If FDA suspects an ingredient deemed "safe" is actually harmful, the government can take action after a product hits the market, but it does not track how often that has happened. In one case, in 2010, the agency issued warning letters to four makers of popular caffeinated alcoholic drinks, declaring caffeine unsafe in alcoholic beverages. Under threat of product seizure, the companies stopped making the drinks.
Consumers may also petition the FDA to take an ingredient off the "safe" list, although a report by the Government Accountability Office found those requests can take years to review.
Earlier this year, the FDA proposed sweeping new food safety rules regarding contamination of food in the wake of recent listeria and salmonella outbreaks, but no changes were proposed to the GRAS system.
Michael Taylor, FDA deputy commissioner for foods, said in an interview that he feels the program works well but that it is time to consider updating it to ensure the evidence supporting "safe" designations reflects the latest science. He added that FDA would benefit from having access to the scientific evidence companies use to determine that an ingredient is GRAS.
"We're not driven by a sense that there is a pressing public health emergency," Taylor said. "But there are decisions being made based on data that we don't have access to, and that creates a question about the basis on which those decisions are made."
In 1969, President Richard Nixon ordered FDA to review food additives then on the "safe" list. While concluding most ingredients were safe, the review panel questioned the safety of 35 substances. In its 2010 examination of the program, the GAO found FDA had yet to review 18 of those. The agency could not readily explain why, but has in the past pointed to short staffing.
The GAO also recommended that companies be required to tell FDA and the public about any ingredients they deem "safe," and that FDA take steps to prevent scientific conflicts of interest.

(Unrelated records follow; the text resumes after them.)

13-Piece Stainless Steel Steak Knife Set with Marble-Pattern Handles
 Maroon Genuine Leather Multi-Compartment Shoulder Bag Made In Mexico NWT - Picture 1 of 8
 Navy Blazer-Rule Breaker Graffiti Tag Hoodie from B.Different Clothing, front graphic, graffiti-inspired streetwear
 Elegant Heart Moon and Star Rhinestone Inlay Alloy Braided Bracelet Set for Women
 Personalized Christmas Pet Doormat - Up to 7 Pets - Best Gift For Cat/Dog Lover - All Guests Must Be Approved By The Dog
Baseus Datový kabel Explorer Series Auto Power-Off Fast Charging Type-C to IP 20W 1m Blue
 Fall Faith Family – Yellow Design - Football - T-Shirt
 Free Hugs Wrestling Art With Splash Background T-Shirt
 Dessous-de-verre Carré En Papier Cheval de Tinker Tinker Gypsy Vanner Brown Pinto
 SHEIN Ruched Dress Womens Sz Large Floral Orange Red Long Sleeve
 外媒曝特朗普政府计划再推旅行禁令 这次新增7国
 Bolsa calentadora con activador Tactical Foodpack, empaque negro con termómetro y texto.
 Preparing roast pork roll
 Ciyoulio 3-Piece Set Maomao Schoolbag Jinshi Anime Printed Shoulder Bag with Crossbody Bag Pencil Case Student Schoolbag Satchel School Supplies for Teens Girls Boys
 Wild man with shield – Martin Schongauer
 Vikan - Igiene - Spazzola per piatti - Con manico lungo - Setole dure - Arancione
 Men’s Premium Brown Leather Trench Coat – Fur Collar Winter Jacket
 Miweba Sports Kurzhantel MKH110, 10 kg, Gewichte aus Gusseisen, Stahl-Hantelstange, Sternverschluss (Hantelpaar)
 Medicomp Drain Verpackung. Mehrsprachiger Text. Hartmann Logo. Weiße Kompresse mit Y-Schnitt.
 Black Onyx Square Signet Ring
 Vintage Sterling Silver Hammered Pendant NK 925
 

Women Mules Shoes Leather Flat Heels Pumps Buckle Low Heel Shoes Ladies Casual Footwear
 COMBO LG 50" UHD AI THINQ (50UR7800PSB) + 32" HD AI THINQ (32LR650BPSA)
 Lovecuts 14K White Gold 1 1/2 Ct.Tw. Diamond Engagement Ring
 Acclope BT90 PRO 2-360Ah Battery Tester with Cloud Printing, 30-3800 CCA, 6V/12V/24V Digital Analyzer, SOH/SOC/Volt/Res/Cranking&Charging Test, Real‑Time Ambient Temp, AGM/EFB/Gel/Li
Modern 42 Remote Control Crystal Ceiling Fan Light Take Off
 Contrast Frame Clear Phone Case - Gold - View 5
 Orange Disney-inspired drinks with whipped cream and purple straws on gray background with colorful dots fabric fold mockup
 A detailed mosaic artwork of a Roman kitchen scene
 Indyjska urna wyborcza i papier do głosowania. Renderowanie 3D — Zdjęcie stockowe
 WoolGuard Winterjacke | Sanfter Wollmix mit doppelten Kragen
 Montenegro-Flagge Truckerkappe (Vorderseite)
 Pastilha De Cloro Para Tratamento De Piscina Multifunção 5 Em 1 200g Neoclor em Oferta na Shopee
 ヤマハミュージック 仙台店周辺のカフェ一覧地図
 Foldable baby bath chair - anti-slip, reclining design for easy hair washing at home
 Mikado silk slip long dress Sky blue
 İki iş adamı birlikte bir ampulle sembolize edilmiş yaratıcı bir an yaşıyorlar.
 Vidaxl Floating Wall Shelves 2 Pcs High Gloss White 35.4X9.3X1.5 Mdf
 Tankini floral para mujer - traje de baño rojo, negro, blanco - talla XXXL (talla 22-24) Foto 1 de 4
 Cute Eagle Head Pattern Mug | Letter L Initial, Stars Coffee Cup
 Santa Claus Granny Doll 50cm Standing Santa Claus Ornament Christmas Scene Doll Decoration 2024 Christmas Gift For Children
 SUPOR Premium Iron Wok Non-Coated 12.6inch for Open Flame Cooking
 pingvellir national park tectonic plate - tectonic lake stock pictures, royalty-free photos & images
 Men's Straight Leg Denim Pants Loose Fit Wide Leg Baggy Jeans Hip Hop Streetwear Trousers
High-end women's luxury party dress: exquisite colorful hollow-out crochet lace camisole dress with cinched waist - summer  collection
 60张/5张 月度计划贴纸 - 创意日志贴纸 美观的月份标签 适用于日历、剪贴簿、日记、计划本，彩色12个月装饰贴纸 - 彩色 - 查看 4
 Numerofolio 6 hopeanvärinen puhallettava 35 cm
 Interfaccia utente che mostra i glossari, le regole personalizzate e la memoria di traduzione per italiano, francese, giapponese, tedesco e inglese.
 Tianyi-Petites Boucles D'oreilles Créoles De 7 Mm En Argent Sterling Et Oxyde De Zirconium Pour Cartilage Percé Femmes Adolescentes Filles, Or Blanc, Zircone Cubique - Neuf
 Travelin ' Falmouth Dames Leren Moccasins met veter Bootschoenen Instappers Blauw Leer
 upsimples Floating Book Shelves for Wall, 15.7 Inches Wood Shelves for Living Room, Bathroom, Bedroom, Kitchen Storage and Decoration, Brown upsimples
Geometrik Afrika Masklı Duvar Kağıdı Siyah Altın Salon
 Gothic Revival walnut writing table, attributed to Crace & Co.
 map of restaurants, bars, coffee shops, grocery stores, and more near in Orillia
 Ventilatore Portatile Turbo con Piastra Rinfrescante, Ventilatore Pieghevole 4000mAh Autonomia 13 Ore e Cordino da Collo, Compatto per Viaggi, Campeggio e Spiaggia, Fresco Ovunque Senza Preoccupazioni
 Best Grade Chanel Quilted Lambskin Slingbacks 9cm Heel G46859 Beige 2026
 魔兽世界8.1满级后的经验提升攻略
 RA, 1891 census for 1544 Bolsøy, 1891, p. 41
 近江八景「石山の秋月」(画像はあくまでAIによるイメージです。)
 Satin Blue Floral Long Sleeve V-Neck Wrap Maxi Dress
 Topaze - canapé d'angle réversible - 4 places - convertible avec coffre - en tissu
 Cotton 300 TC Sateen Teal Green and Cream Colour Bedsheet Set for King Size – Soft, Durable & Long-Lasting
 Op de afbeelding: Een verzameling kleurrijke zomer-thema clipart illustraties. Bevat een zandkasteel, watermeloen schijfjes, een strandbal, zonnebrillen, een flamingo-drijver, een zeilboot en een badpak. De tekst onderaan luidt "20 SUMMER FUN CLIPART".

Taylor said that over the next year FDA may send out new administrative rules detailing how companies should demonstrate ingredient safety, but he noted it would take an act of Congress to force companies to share all their information with FDA.
George Washington University's Public Health Dean Lynn Goldman, who in 2011 studied the GRAS program at FDA's request, believes letting companies evaluate their own ingredients risks biased science. "The public should expect that the FDA can give some assurance that the safety of our food is not simply determined by the industry," she said.
Recent reports of deaths after the consumption of energy drinks or shots have prompted U.S. Sens. Dick Durbin and Richard Blumenthal, Democrats from Illinois and Connecticut, to ask the FDA to investigate whether specific stimulants in the drinks can be harmful, including some deemed GRAS by beverage makers. FDA has not determined what caused the deaths.